Another long-term upside is the creation of an oligopoly in the data analytics and distribution market. With Refinitiv, LSE would leapfrog ICE by leveraging its buy- and sell-side workflow solutions but will still be in direct competition with Bloomberg, an American company providing similar services to those of the target. However, as some commentators fear, the acquirer may not achieve the same market share or margin targets as its rival, as the private-owned Bloomberg is able and willing to sacrifice more financial and organizational resources to retain its market share and outperform LSEG. It is assumed that the acquirer will shift its business strategy and focus on its competitive advantage, which is the integration of Refinitiv’s trading platforms with the LCH, offering superior services and truly flexible pricing to its users.

Risks and Uncertainties

Although the deal is expected to lead to substantial cost savings, it also entails LSE taking on of a $13.5bn bridge loan to cover Refinitiv’s considerable debt.  This has yet to be scrutinised by antitrust regulators in several countries, which may take over one year. Indeed, Refinitiv’s hefty net debt ($13bn) compared to LSE’s ($1.11bn), would materially increase LSE’s leverage and push the combined entity’s debt-to-EV ratio to roughly 25% as opposed to less than 10% for LSE currently. This is notably higher than its competitors. While this places extra pressure on synergies being achieved, LSE’s extra leverage could lead to cash being channelled into debt repayments instead of capital being returned to shareholders.

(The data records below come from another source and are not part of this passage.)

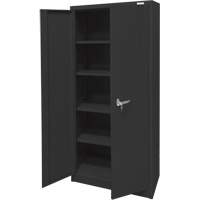 Armoire d'entreposage, Acier, 4 Tablettes, 66" h x 30" la x 15" P, Noir Sidevic Inc.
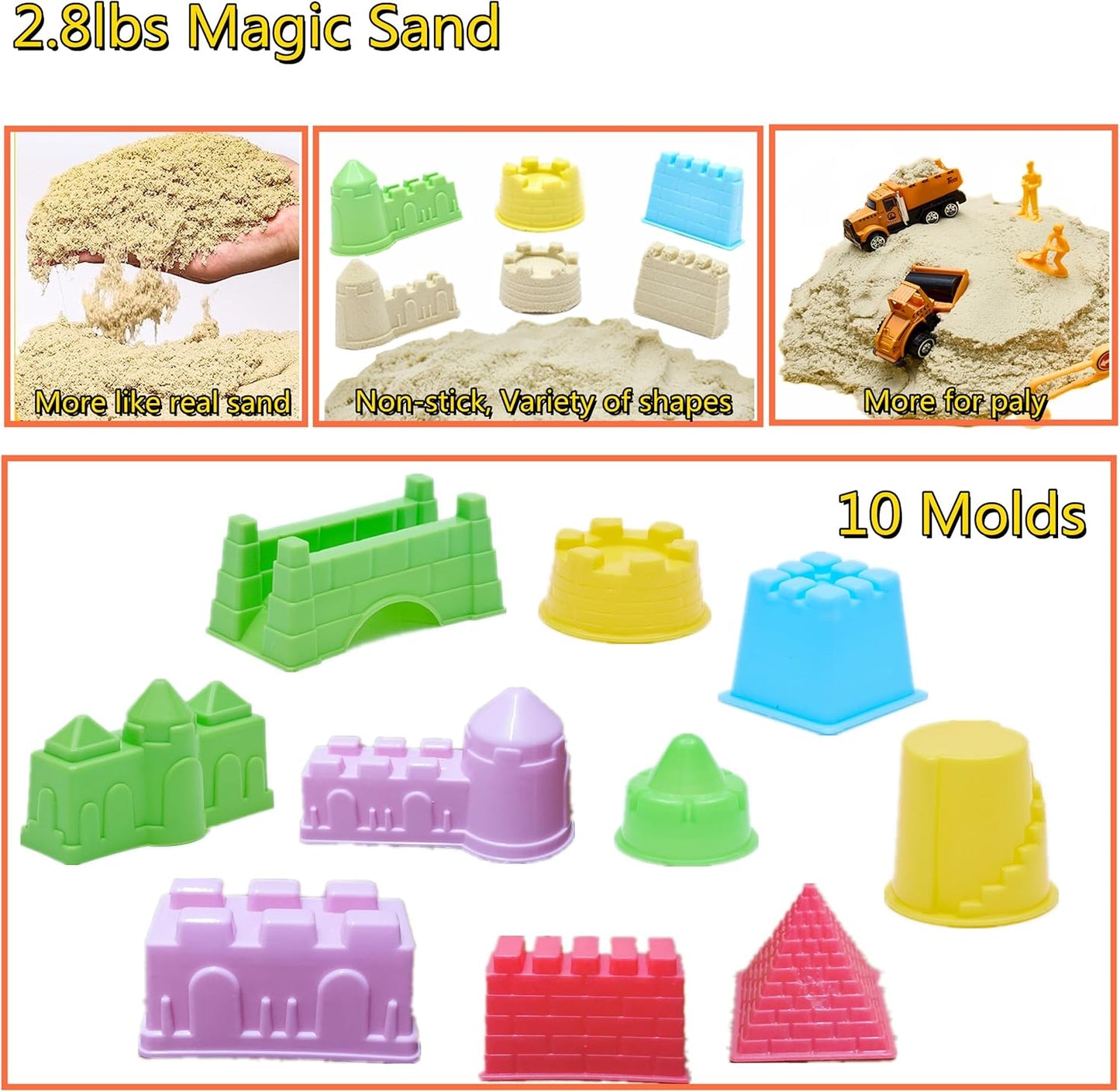 Play Construction Sand Kit, 2.2lbs Magic Sand, 6 Alloy Trucks,1 Big Semi-automatc Excavator,1 Race Truck 100 Tracks,10 Castle Molds,1 Sandbox mat,1 Storage Box, Sensory Toys for Kids Ages 3+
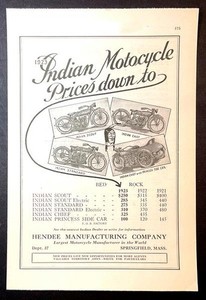 “Indian Motorcycle Prices Down” 1923 AD Scout~Chief~Standard~Princess Side Car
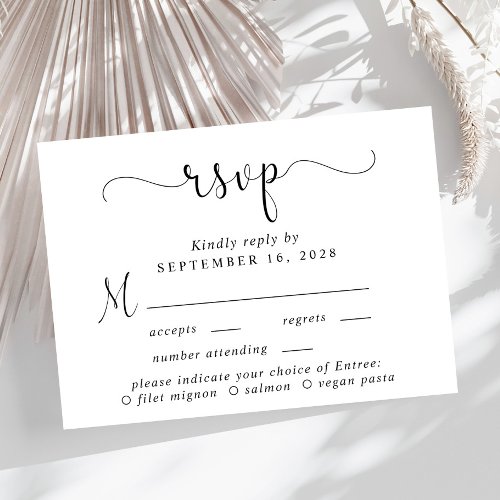 Elegant Script Menu Choice Wedding RSVP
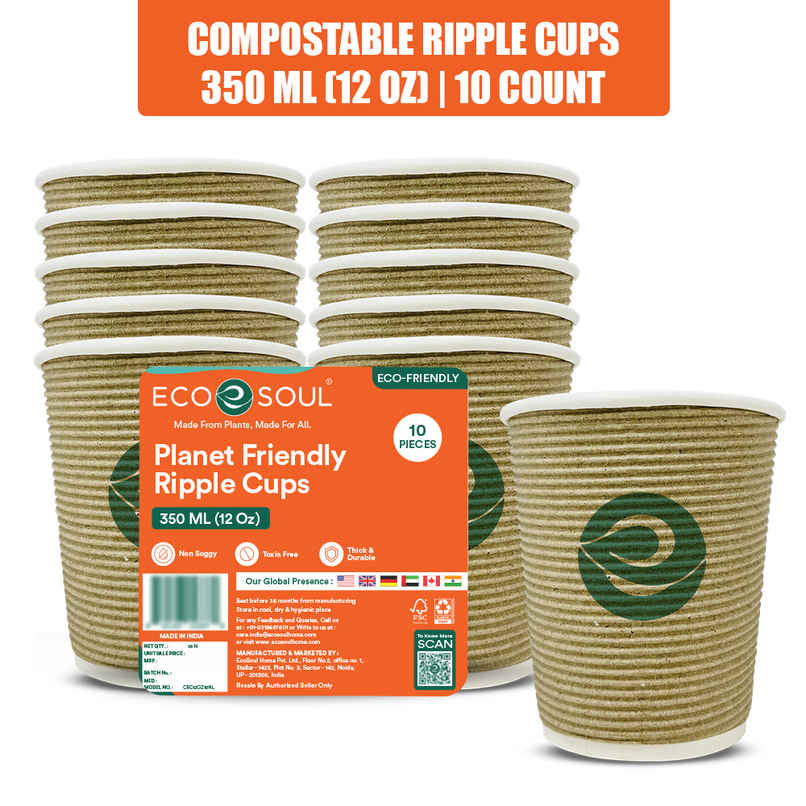 ECO SOUL | Disposable Paper Cups/Glasses | 350 ml | Ripple | 10 Count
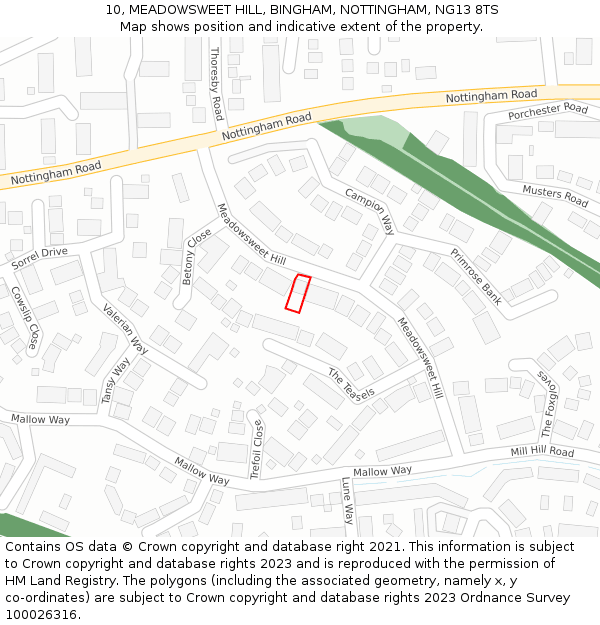 10, MEADOWSWEET HILL, BINGHAM, NOTTINGHAM, NG13 8TS: Location map and indicative extent of plot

Another concern is the question mark above LSE’s position in the case of a hard-Brexit, given the deal is expected to be completed by 2H 2020, following expected regulatory policy changes such as forced relocation. Moreover, regardless of Brexit, uncertainty remains around the outcome of EU proposals to regulate non-EU clearing houses. This may lead to London clearing houses, such as LSE’s LCH, losing billions in daily swaps trading as a result of increased regulatory oversight and higher trading costs for banks. Similarly, though LSE’s main growth drivers will remain the FTSE Russell Indices and LCH, each accounting for 30% of revenue, Capital Markets (20%) is dependent on volatile trading volume. Furthermore, LSE’s CFO announced there could be a head-count reduction in the newly formed group to reduce expenses, given a number overlaps in technology, property and corporate functions. It is also expected that in the long-run, LSE will be subject to a significant increase in costs (particularly depreciation) as a result of continuous investment spending.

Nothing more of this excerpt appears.